Senior Beef Outlook Economist / USDA – ERS
Beef Outlook Economist / USDA – ERS

Next year will mark the third consecutive year of lower production following the record-large volume set in 2022 and will be lowest since 2015, when the sector began to rebuild following the 2009-13 drought.

Cattle supplies are expected to remain tight next year as evidenced by the ratio of heifers and cows in the slaughter mix currently remaining above a year ago and the five-year average, and the number of heifers on feed on April 1 was nearly equal to last year.

The relatively strong pace of beef cow slaughter, along with relatively large placements of heifers in feedlots in 2023 and into early 2024, will likely yield a smaller year-over-year calf crop in 2025, tightening future cattle supplies.

Total disappearance in 2025, measured on a per-capita retail weight basis, is expected to decline 5% from last year to 55.6 pounds (Figure 1). As production declines next year on the largest decline in cattle slaughter since 2013-14, it will be partially offset by record beef imports and eight-year-low exports.



2024 beef production raised mainly on heavier weights

The latest Cattle on Feed report, published by the USDA National Agricultural Statistics Service (NASS), showed the April 1 feedlot inventory at 11.821 million head, over 1% above 11.647 million head in the same month last year. Placements and marketings were down more than surveyed industry analysts expected. Feedlot net placements in March were 13% lower year over year at 1.689 million head. Despite two extra slaughter days in the month compared to last year, marketings in March were 1.706 million head, down about 1% year over year. As a result, on April 1 the number of cattle on feed over 150 days rose 21% above year-ago levels. As a percent of total cattle on feed, this grouping is the largest since 2007. As wholesale beef prices continue to be more sluggish than expected at this time of year, packers are likely less willing to offer higher prices for fed cattle and feedlots appear to be willing to add poundage to the cattle while awaiting higher bids.

Typically, there is a decline in carcass weights from the seasonal peak in November to about the end of May when weights typically hit bottom. However, given the pace of marketings, carcass weights have moved counter-seasonally higher from the first to the second quarter, and after declining slightly from their recent peaks are expected to remain flat into the third quarter before trending seasonally higher in the fourth quarter (Figure 2).

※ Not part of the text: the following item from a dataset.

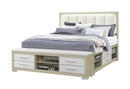 Emma - King Bed With LED And USB - Natural / White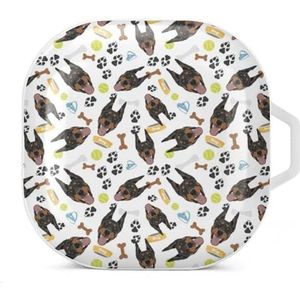 Glimlachende hond Doberman oordopjes hoesje compatibel met Samsung hard shell beschermhoes wit stijl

These heavier expected carcass weights are the primary catalysts for raising total production this year. The forecast for second-quarter beef production is up 70 million pounds from last month as heavier carcass weights and increased cow and bull slaughter are expected to more than offset fewer fed cattle marketings. The third-quarter production forecast is raised 40 million pounds on heavier expected average carcass weights. In the fourth quarter, the production outlook is higher than last month by 35 million pounds as fed cattle marketings are shifted from the first half to the second half of 2024. For the year, the outlook for 2024 beef production is raised by 140 million pounds to 26.595 billion pounds.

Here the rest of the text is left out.